Web page caption snippets
>>>>>

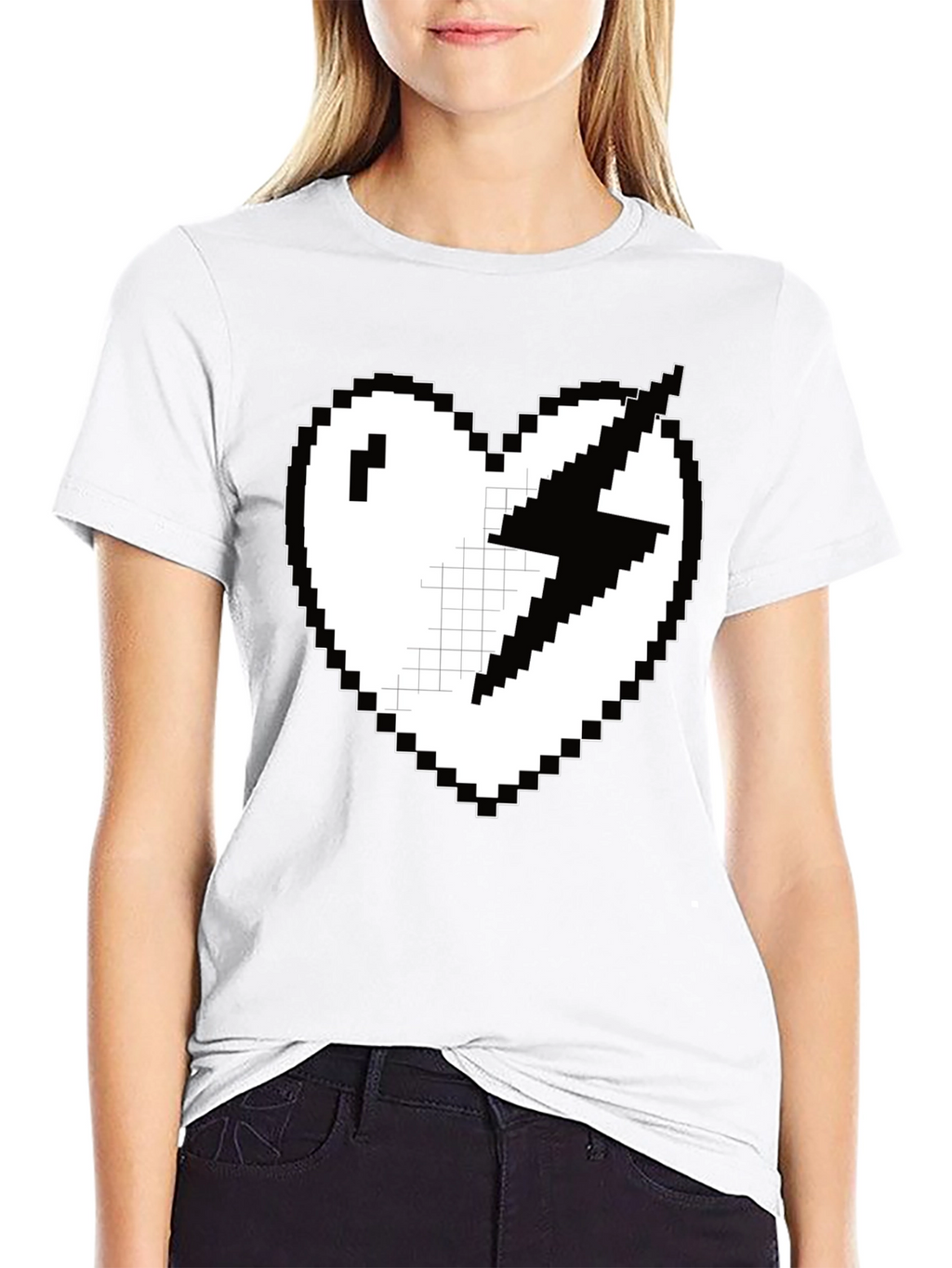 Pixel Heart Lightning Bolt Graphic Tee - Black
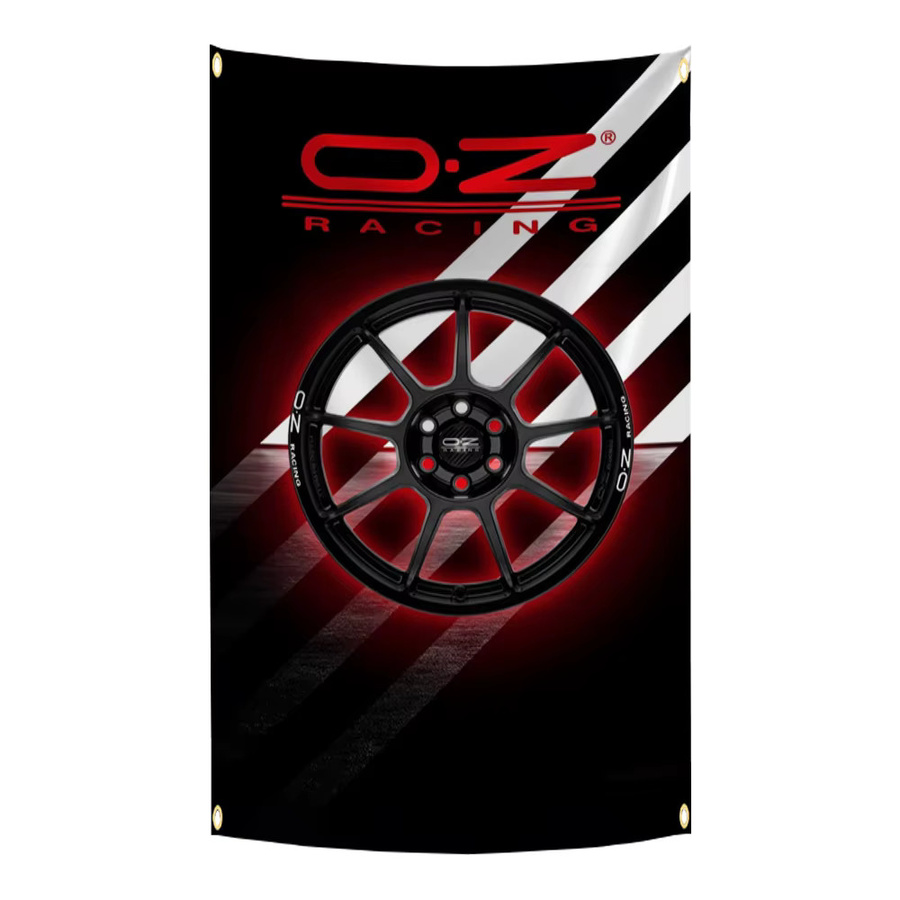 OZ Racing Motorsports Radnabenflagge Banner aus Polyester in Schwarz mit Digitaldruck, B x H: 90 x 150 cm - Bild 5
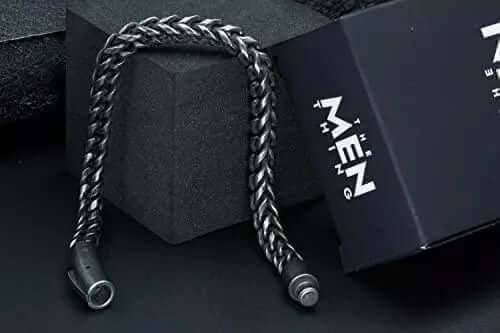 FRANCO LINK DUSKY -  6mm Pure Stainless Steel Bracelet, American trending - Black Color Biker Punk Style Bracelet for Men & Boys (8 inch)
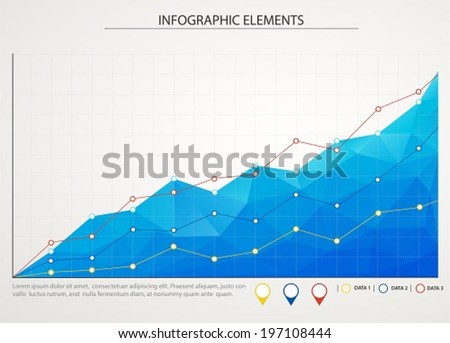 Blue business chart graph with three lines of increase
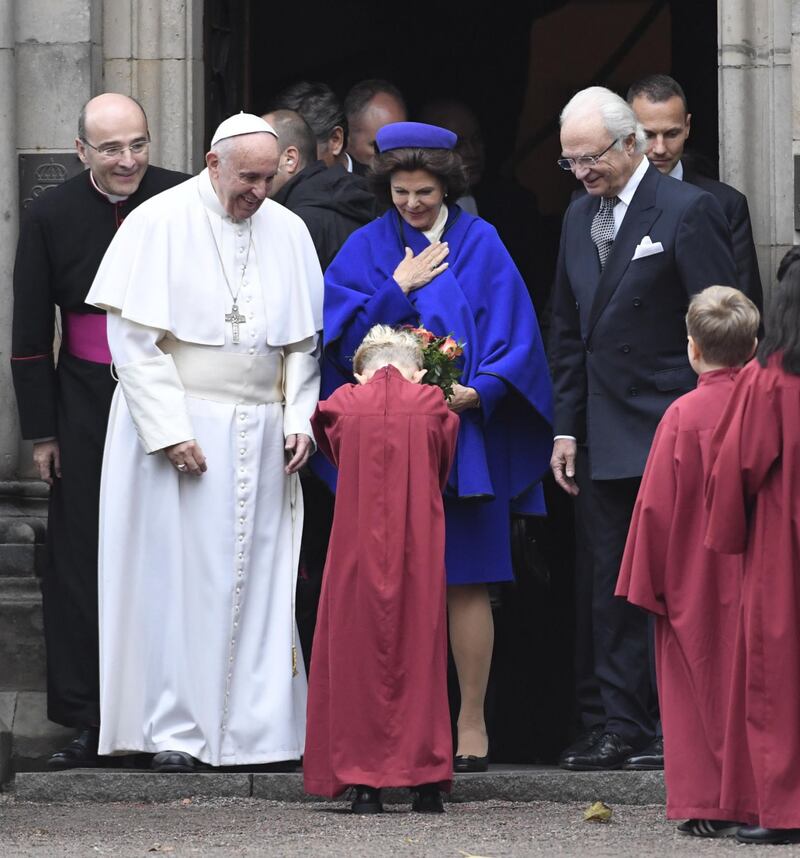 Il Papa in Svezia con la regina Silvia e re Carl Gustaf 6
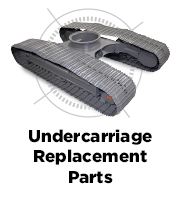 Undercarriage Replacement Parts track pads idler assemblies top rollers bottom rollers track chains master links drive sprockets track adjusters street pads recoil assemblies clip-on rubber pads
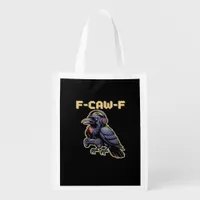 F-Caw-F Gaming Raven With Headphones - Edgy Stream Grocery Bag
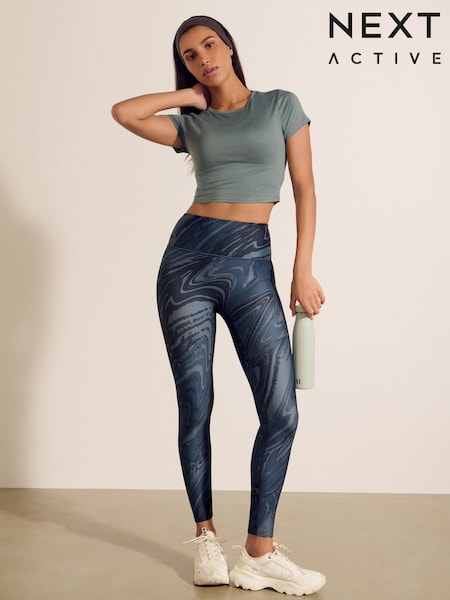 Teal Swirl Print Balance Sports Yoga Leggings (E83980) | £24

<<<<<

▶ [Task to complete] The expected answer is the complete set of entries, copied verbatim, with no pictures.

▶ [Your solution]
 Pixel Heart Lightning Bolt Graphic Tee - Black
 OZ Racing Motorsports Radnabenflagge Banner aus Polyester in Schwarz mit Digitaldruck, B x H: 90 x 150 cm - Bild 5
 FRANCO LINK DUSKY -  6mm Pure Stainless Steel Bracelet, American trending - Black Color Biker Punk Style Bracelet for Men & Boys (8 inch)
 Blue business chart graph with three lines of increase
 Il Papa in Svezia con la regina Silvia e re Carl Gustaf 6
 Undercarriage Replacement Parts track pads idler assemblies top rollers bottom rollers track chains master links drive sprockets track adjusters street pads recoil assemblies clip-on rubber pads
 F-Caw-F Gaming Raven With Headphones - Edgy Stream Grocery Bag
 Teal Swirl Print Balance Sports Yoga Leggings (E83980) | £24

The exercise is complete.